Please set out each line below exactly as it stands, without the images.
- Opening Delimiter -
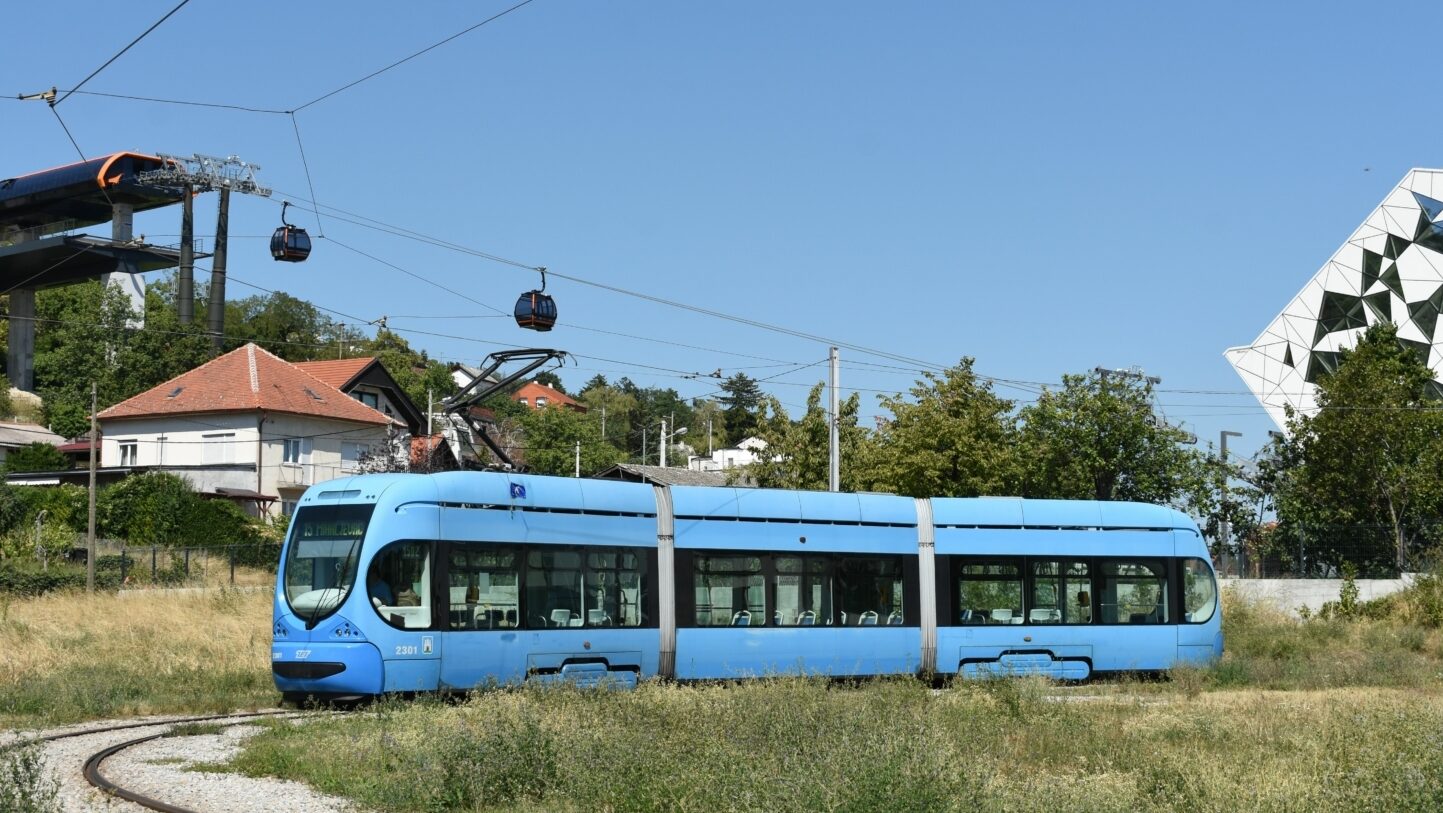 Tramvaje TMK 2300 o délce 20,7 m byly vyrobeny pro Záhřeb pouze dvě. Momentálně slouží prakticky výhradně na trase linky číslo 15. Na snímku ze srpna 2022 je zachycen vůz ev. č. 2301 ve smyčce Gračansko Dolje, odkud je možné pokračovat lanovkou na 1035 m vysokou horu Sljeme. Lanovka byla v roce 2007 uzavřena a nákladně rekonstruována. Do provozu se ji podařilo znovu uvést až v roce 2022, přičemž původní rozpočet byl významně překročen. Navíc se rozpoutala aféra kolem spodní stanice lanové dráhy (která na snímku vyčuhuje napravo), která byla označena jako krádež autorského díla budovy společnosti Deloitte v norském Oslu… (foto: Libor Hinčica)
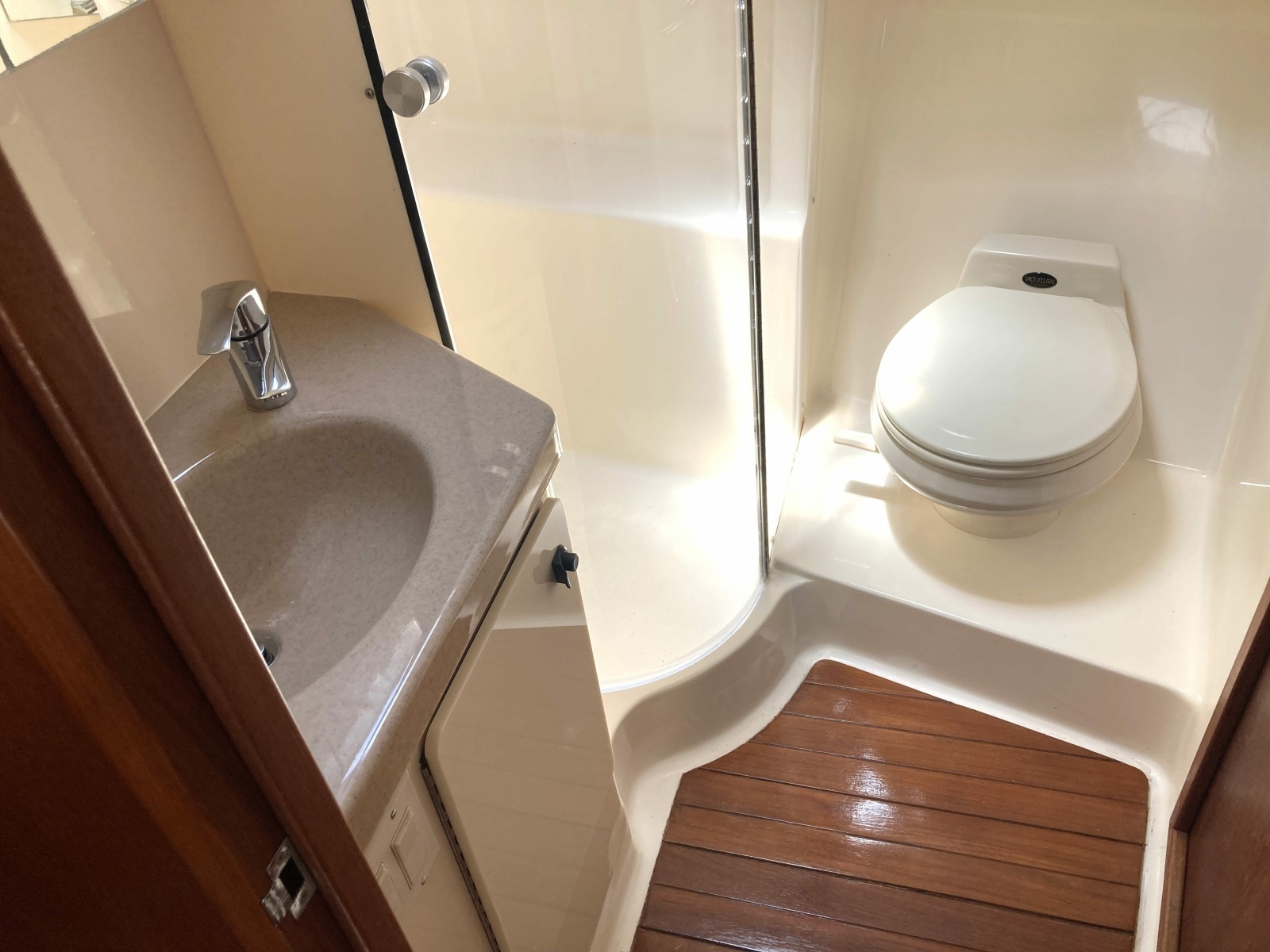1995 Tiara Yachts 4000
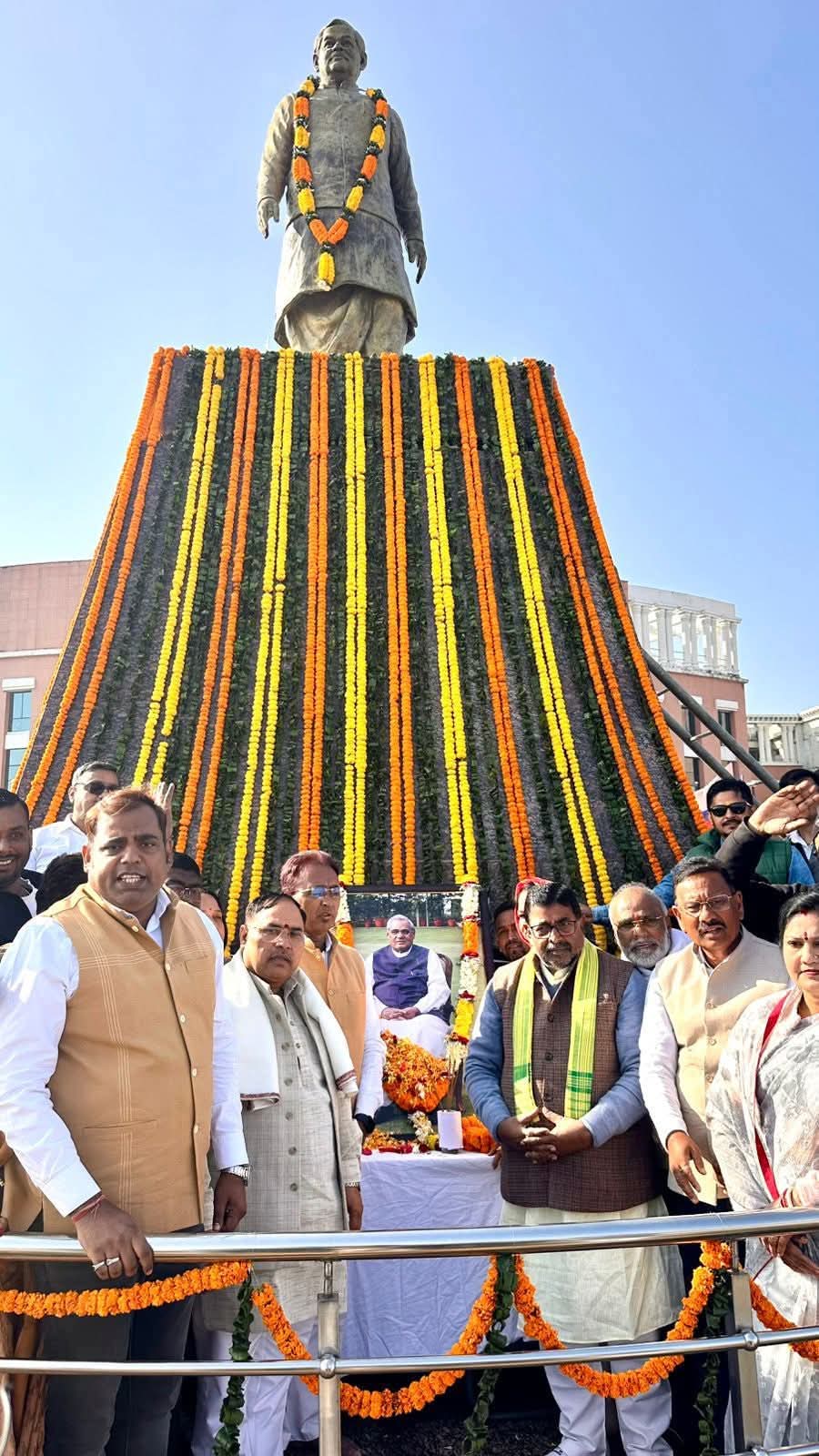 विधानसभा में श्रद्धांजलि देते भाजपा नेता विधानसभा में श्रद्धांजलि देते भाजपा नेता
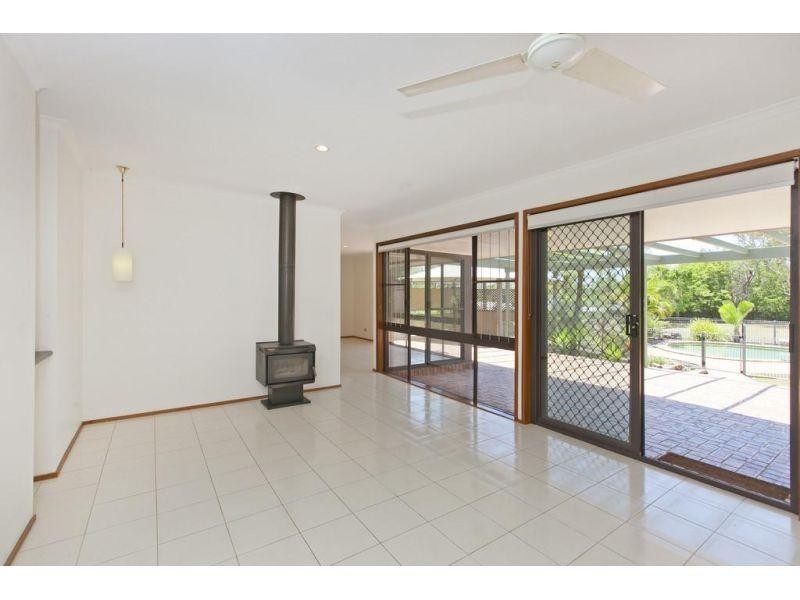 12 Oakwood Street, Capalaba QLD 4157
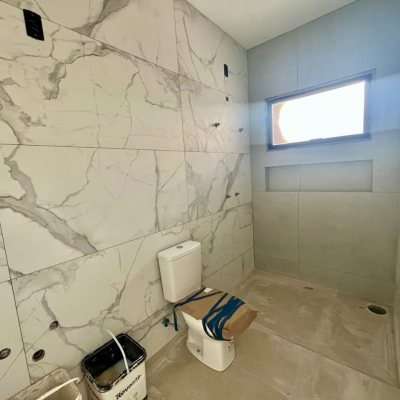 Casa Residencial com 184m², 3 quartos, 3 suítes, no bairro Lagoa Da Conceição em Florianópolis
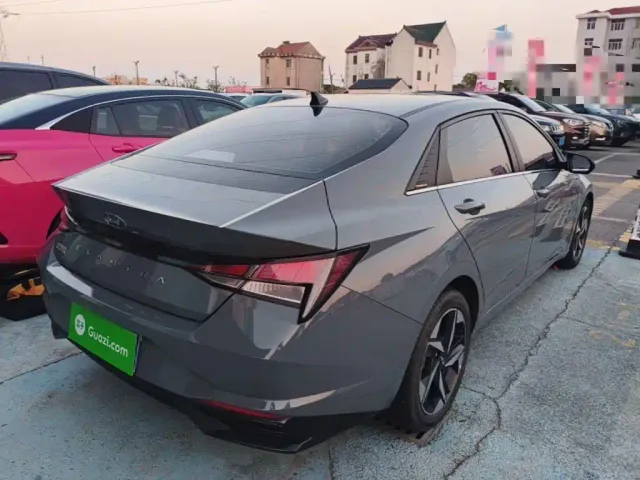 Hyundai Elantra — Фото автомобиля 6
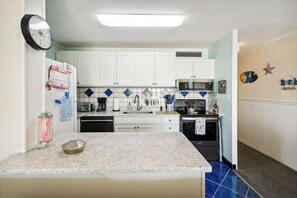 Microwave, dishwasher, coffee/tea maker, toaster - XPLORIE ACTIVITIES & LINENS INCLUDED*!  OUTDOOR POOL (IN SEASON), TENNIS & MORE!!! (Ocean City)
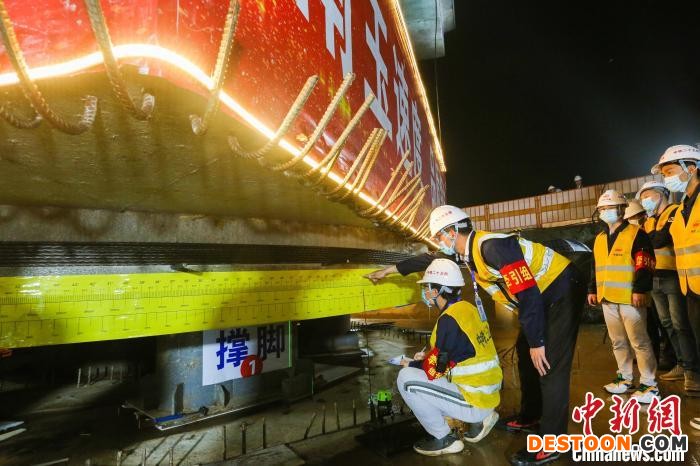 南玉铁路那舅特大桥上跨湘桂铁路转体桥转体现场。 周群能 摄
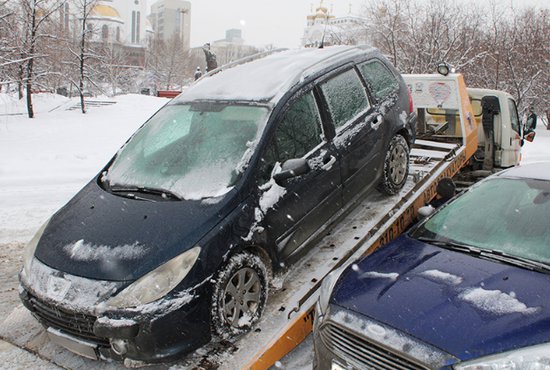 У екатеринбуржца арестовали Peugeot за долг по коммунальным платежам. Фото: пресс-служба УФССП России по Свердловской области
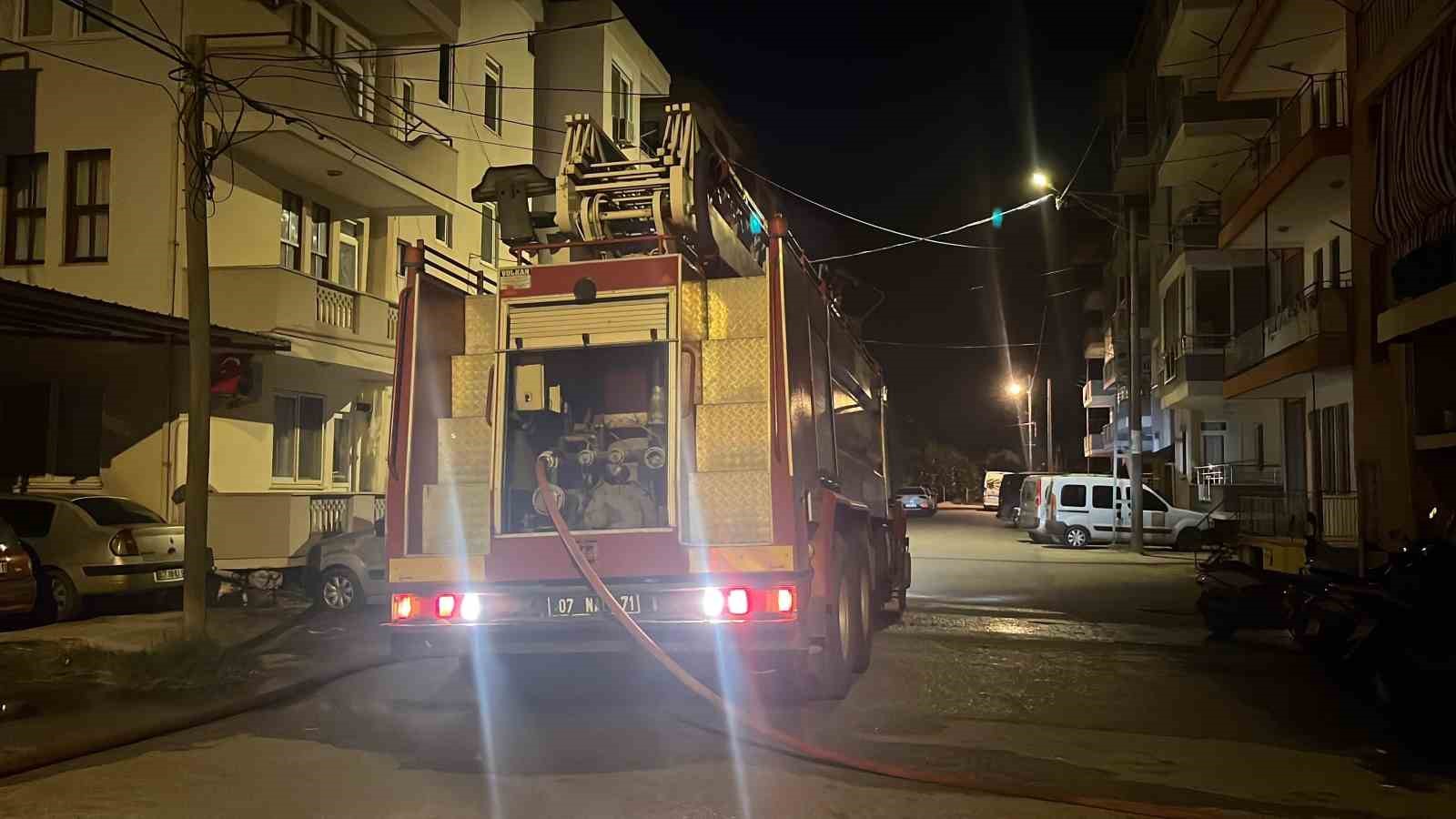 Alanya’da klima deposu alevlere teslim oldu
- Closing Delimiter -
### Expected answer:
 Tramvaje TMK 2300 o délce 20,7 m byly vyrobeny pro Záhřeb pouze dvě. Momentálně slouží prakticky výhradně na trase linky číslo 15. Na snímku ze srpna 2022 je zachycen vůz ev. č. 2301 ve smyčce Gračansko Dolje, odkud je možné pokračovat lanovkou na 1035 m vysokou horu Sljeme. Lanovka byla v roce 2007 uzavřena a nákladně rekonstruována. Do provozu se ji podařilo znovu uvést až v roce 2022, přičemž původní rozpočet byl významně překročen. Navíc se rozpoutala aféra kolem spodní stanice lanové dráhy (která na snímku vyčuhuje napravo), která byla označena jako krádež autorského díla budovy společnosti Deloitte v norském Oslu… (foto: Libor Hinčica)
1995 Tiara Yachts 4000
 विधानसभा में श्रद्धांजलि देते भाजपा नेता विधानसभा में श्रद्धांजलि देते भाजपा नेता
 12 Oakwood Street, Capalaba QLD 4157
 Casa Residencial com 184m², 3 quartos, 3 suítes, no bairro Lagoa Da Conceição em Florianópolis
 Hyundai Elantra — Фото автомобиля 6
 Microwave, dishwasher, coffee/tea maker, toaster - XPLORIE ACTIVITIES & LINENS INCLUDED*!  OUTDOOR POOL (IN SEASON), TENNIS & MORE!!! (Ocean City)
 南玉铁路那舅特大桥上跨湘桂铁路转体桥转体现场。 周群能 摄
 У екатеринбуржца арестовали Peugeot за долг по коммунальным платежам. Фото: пресс-служба УФССП России по Свердловской области
 Alanya’da klima deposu alevlere teslim oldu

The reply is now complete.